Work instructions: Give the number of lines below that contain the string "Used", and no other text.

Provided entries:
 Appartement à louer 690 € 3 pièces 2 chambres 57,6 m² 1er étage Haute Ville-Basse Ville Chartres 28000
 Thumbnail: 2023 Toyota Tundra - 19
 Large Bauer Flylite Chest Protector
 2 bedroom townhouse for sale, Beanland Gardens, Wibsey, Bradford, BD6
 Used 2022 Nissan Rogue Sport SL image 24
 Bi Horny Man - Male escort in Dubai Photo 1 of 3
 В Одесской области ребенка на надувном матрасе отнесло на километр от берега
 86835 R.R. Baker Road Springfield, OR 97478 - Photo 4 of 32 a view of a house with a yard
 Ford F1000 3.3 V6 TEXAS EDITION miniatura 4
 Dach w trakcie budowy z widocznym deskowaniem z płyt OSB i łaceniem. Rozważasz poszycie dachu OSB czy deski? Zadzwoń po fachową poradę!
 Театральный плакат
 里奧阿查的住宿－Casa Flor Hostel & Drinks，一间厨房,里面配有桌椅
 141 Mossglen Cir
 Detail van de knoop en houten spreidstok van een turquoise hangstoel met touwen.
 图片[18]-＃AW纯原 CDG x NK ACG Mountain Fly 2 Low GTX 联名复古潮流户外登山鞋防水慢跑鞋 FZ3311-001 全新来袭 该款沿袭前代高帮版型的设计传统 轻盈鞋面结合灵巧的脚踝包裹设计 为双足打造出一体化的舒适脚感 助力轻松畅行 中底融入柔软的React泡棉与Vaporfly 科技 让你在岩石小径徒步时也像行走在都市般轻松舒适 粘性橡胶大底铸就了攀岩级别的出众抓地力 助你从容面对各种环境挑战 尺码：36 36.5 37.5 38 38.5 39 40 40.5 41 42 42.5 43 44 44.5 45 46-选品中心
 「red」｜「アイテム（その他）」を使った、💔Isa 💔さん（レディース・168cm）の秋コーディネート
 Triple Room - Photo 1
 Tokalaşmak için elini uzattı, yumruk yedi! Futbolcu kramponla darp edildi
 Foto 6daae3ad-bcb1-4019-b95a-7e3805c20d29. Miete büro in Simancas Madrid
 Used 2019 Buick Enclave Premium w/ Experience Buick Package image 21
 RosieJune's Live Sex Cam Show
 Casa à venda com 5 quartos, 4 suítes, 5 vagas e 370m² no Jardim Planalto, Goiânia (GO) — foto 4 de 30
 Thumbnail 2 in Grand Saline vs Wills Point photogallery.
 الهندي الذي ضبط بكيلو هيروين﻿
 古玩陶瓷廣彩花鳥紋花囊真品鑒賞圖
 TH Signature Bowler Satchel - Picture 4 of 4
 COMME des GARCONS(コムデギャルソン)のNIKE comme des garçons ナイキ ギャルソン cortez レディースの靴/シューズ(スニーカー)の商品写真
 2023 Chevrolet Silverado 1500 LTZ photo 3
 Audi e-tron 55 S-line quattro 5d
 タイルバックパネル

Task output: 2